[Collected data]
________________
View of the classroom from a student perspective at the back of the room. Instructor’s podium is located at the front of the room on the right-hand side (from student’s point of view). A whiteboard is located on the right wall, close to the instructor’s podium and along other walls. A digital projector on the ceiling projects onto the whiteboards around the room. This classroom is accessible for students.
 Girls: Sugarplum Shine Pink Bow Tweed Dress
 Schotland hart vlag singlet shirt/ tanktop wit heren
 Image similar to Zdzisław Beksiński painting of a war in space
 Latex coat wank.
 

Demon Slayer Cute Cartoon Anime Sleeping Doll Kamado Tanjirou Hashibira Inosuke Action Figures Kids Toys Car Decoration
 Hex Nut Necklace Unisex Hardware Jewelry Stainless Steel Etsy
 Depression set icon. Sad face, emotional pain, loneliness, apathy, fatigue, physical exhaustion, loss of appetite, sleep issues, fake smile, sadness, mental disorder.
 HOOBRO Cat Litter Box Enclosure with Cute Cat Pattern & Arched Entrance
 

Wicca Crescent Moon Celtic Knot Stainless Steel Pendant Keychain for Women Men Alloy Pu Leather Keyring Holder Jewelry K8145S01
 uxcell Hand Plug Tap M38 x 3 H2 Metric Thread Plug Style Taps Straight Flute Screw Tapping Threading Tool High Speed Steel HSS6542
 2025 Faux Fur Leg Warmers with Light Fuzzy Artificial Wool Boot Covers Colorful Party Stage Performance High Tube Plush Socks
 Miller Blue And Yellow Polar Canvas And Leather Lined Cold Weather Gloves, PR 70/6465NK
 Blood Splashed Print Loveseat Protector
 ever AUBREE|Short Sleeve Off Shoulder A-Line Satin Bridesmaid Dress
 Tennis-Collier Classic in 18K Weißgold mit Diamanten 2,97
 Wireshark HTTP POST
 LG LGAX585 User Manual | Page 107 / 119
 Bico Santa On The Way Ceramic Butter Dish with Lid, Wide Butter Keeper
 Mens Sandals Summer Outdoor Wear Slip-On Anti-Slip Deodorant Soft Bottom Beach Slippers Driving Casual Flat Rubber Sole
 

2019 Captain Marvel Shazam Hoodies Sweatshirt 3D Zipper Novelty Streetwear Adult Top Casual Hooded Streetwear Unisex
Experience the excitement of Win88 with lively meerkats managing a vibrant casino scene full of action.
________________
Each entry above must be printed exactly as written.

## Solved exercise
View of the classroom from a student perspective at the back of the room. Instructor’s podium is located at the front of the room on the right-hand side (from student’s point of view). A whiteboard is located on the right wall, close to the instructor’s podium and along other walls. A digital projector on the ceiling projects onto the whiteboards around the room. This classroom is accessible for students.
 Girls: Sugarplum Shine Pink Bow Tweed Dress
 Schotland hart vlag singlet shirt/ tanktop wit heren
 Image similar to Zdzisław Beksiński painting of a war in space
 Latex coat wank.
 

Demon Slayer Cute Cartoon Anime Sleeping Doll Kamado Tanjirou Hashibira Inosuke Action Figures Kids Toys Car Decoration
 Hex Nut Necklace Unisex Hardware Jewelry Stainless Steel Etsy
 Depression set icon. Sad face, emotional pain, loneliness, apathy, fatigue, physical exhaustion, loss of appetite, sleep issues, fake smile, sadness, mental disorder.
 HOOBRO Cat Litter Box Enclosure with Cute Cat Pattern & Arched Entrance
 

Wicca Crescent Moon Celtic Knot Stainless Steel Pendant Keychain for Women Men Alloy Pu Leather Keyring Holder Jewelry K8145S01
 uxcell Hand Plug Tap M38 x 3 H2 Metric Thread Plug Style Taps Straight Flute Screw Tapping Threading Tool High Speed Steel HSS6542
 2025 Faux Fur Leg Warmers with Light Fuzzy Artificial Wool Boot Covers Colorful Party Stage Performance High Tube Plush Socks
 Miller Blue And Yellow Polar Canvas And Leather Lined Cold Weather Gloves, PR 70/6465NK
 Blood Splashed Print Loveseat Protector
 ever AUBREE|Short Sleeve Off Shoulder A-Line Satin Bridesmaid Dress
 Tennis-Collier Classic in 18K Weißgold mit Diamanten 2,97
 Wireshark HTTP POST
 LG LGAX585 User Manual | Page 107 / 119
 Bico Santa On The Way Ceramic Butter Dish with Lid, Wide Butter Keeper
 Mens Sandals Summer Outdoor Wear Slip-On Anti-Slip Deodorant Soft Bottom Beach Slippers Driving Casual Flat Rubber Sole
 

2019 Captain Marvel Shazam Hoodies Sweatshirt 3D Zipper Novelty Streetwear Adult Top Casual Hooded Streetwear Unisex
Experience the excitement of Win88 with lively meerkats managing a vibrant casino scene full of action.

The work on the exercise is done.